Flint, Michigan’s water is contaminated with lead. It’s an environmental, political and personal calamity. So where does Hillary Clinton go first? She casts it a racial issue.
“We’ve had a city in the United States of America where the population which is poor in many ways, and majority African-American has been drinking and bathing in lead contaminated water and the governor of that state acted as though he didn’t really care,” said a splenetic Clinton at a January 17 debate.
And of course that liberal bastion, the New York Times, jumped on the bandwagon, noting that the majority of Flint’s residents are black and many are poor. “If Flint were rich and mostly white, would Michigan’s state government have responded more quickly and aggressively to complaints about its lead-polluted water?” the paper said.
It’s abundantly clear that Flint’s water situation is a result of failure at all levels of government, local, state and federal.
It’s equally clear that the economic catastrophe that is Flint, with its debt, high poverty rate, crime and depopulation, is the result of years of negligence by incompetent politicians.
But the left, by framing the current water controversy as a divisive civil rights issue instead, is embracing a long-standing pattern of exacerbating division to secure and maintain political power.
The mean-spirited racism charge makes reaching solutions harder while serving to distract the target audience from thinking about larger issues.

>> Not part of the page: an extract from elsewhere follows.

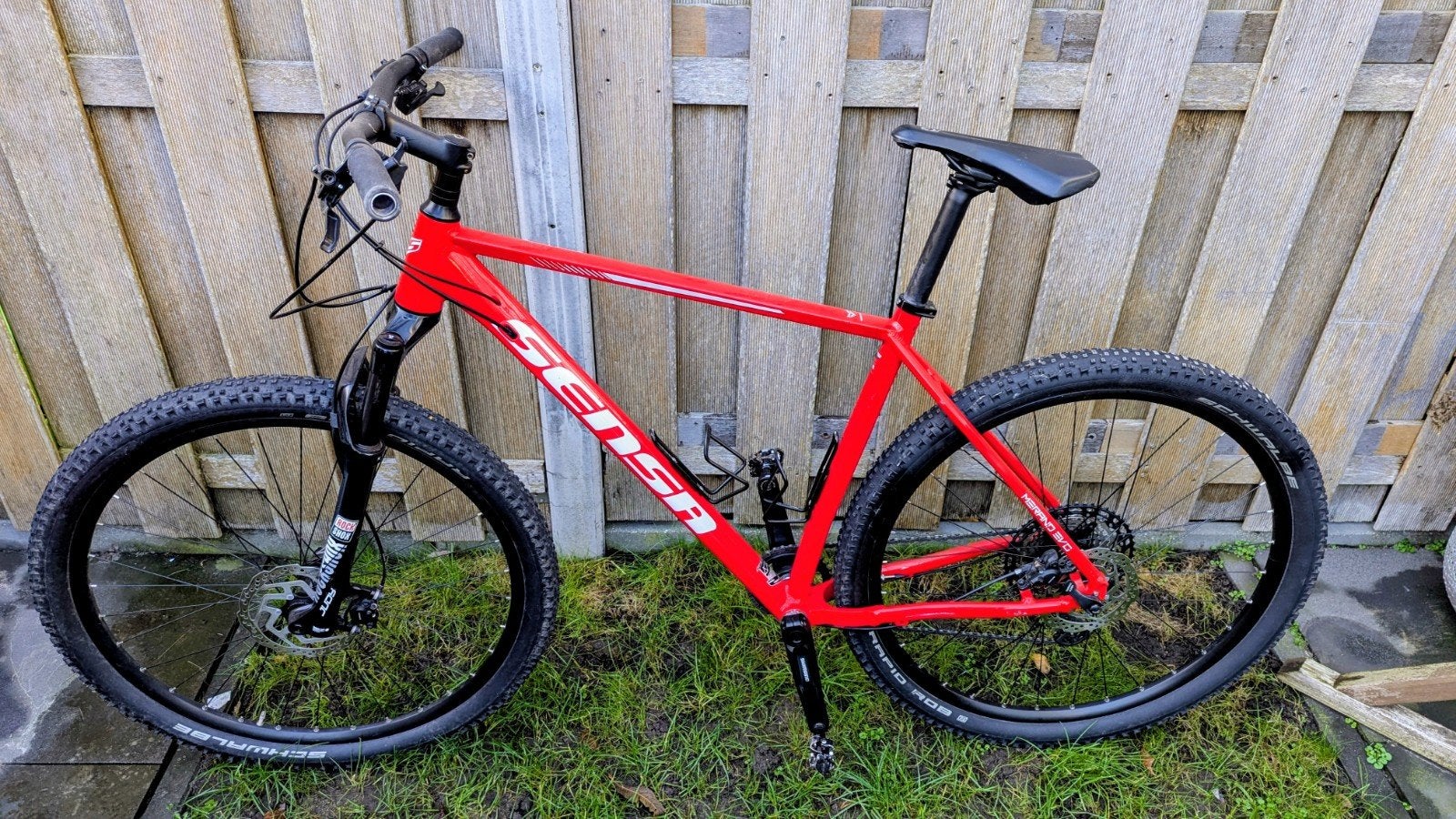 Sensa Merano Evo 29 inch mountainbike - Maat XL - SLX 1x12, Fietsen en Brommers, Fietsen | Mountainbikes en ATB, 57 cm of meer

As Christopher Lasch put it, if the commitment is to fomenting division, rather than to finding common ground, “…society dissolves into nothing more than contending factions, as the Founding Fathers of America understood so well–a war of all against all.”
America is being threatened from within by this conscious effort to carve up the electorate into antagonistic special interest groups every much as it is being threatened from without by religious zealots.